Alison Conway works and runs in Kelowna, BC.

alcohol · beauty · body image · eating · fat · fitness · habits · health · injury · movies · running · self care · sex · stereotypes · weight loss · weight stigma

Sam watched Brittany Runs a Marathon and recommends that you don't

Catherine wrote a blog post about Brittany Runs a Marathon without watching it. That was definitely the wiser choice. See her commentary here.

She writes, “So why I am writing about a movie I haven’t seen? Because I think the movie/advertising/fashion/fitness industries have (sort of) taken in the message that it’s not okay to blatantly fat-shame people or overtly identify lower body weights with fitness, success and happiness in life. Notice, I said “overtly” and “blatantly”.”

Catherine goes on to identify “some strong fitspo messages buried (not too deeply) in this film:

  • Health problems should first be addressed by losing weight
  • Weight loss is possible to achieve through physical activity
  • Weight loss makes physical activity possible and easier and better and more fun
  • Some deep-seated emotional problems will resolve through weight loss and physical activity”

There’s a lot to dislike about the film that I knew before I hit play. It erases larger runners, it promotes weight loss fantasies, and it’s fat-shaming. All that I knew at the outset.

So why did I end up watching it? I sometimes watch “bad” TV or fluffy shows while cleaning. Easy to follow rom-coms? Sign me up! I hadn’t seen the floor of my room in weeks. There were Christmas gifts I still hadn’t put away, clean laundry, bags of gym clothes, yoga mats etc all over the floor, the bed needed making, the socks needed sorting and so on. I needed something longer than a regular half hour show to deal with all of the mess. I needed a movie length thing at least. I thought I could handle the fat shaming and enjoy BRAM for its redeeming features. The trailer looked, as a friend put it, cute. The Guardian called it a fluffy feel good flick. It is not that. By the end, I did not feel good at all.

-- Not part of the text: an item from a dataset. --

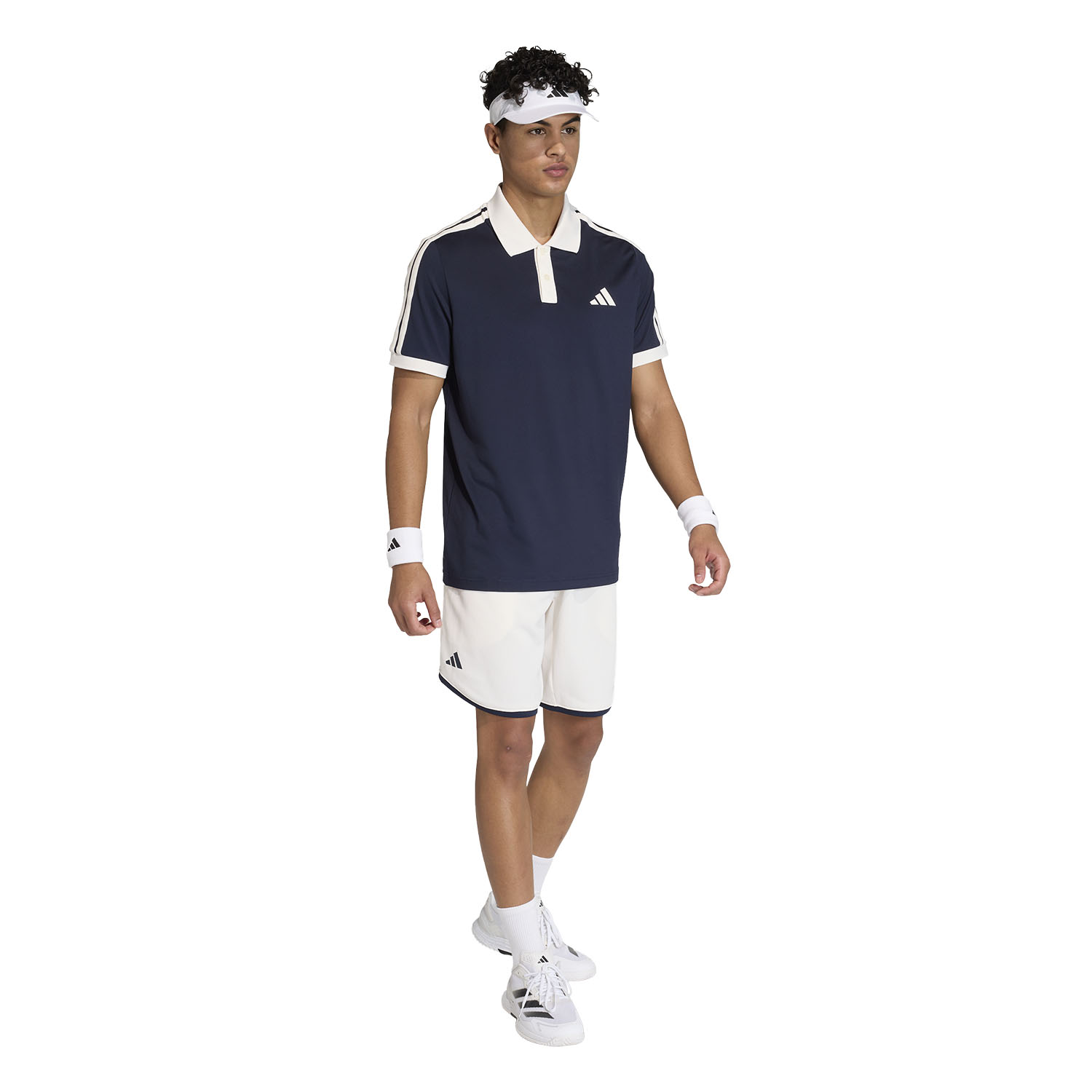 adidas Heritage Polo - Legend Ink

Friends, it was not mostly cute with a side of fat shaming, which I expected. Instead it was a dumpster fire of stereotypes and it was also super sex shaming. All of this was lumped into criticism of Brittany’s self-destructive lifestyle. At one point in the movie someone opines–in a line that was supposed to save the movie, “Brittany, it was never about the weight.” Instead, “weight” is just a stand in for all of Brittany’s problems. Before fat-Brittany is taking drugs and giving men blow jobs in night clubs and by the end of the movie, thin Brittany isn’t just thin. She’s also turning down casual sex. The friends-with-benefits/boyfriend proposes. There was way too much moralizing about sex and drugs. And I say that as someone who is no fan of drugs or alcohol and is often accused of moralizing in this area.

This happens because Brittany isn’t just a fat girl. She’s a fat girl with low self -esteem. She could have just gotten some self-esteem. But no, she gets thin and then gets self-esteem. She could have gotten self-esteem and demanded equal pleasure in the casual sex. She could have started using drugs and alcohol in a responsible manner. Instead, no. She gets self-esteem, says no to drugs, and holds out for a real relationship.

Not surprisingly, it doesn’t manage the weight-loss plot line well at all.

The Guardian reviewer writes, “The film struggles to square its protagonist’s weight loss with the pressure to present a body-positive position and ensure it doesn’t alienate the very female audience it courts. One minute it’s wryly poking fun at the expense and inaccessibility of gyms, the next it’s fetishistically cataloguing the shrinking number on Brittany’s scales. Indeed, as her body transforms, so does her life. She finds a new job, and supportive friends in her running club; men begin to notice her. Yet Brittany still battles with her body issues, unable to shed her identity as “a fat girl”. There’s a note of truth in Bell’s finely tuned performance as a character whose insecurities have calcified over the years, hardening her to genuine goodwill, which she frequently misreads as pity.”

For the record, fat Brittany is smaller than me. She starts out weighing 197 pounds. Her goal weight is 167. And we can track it because never in movie history has a person stepped on a scale so often.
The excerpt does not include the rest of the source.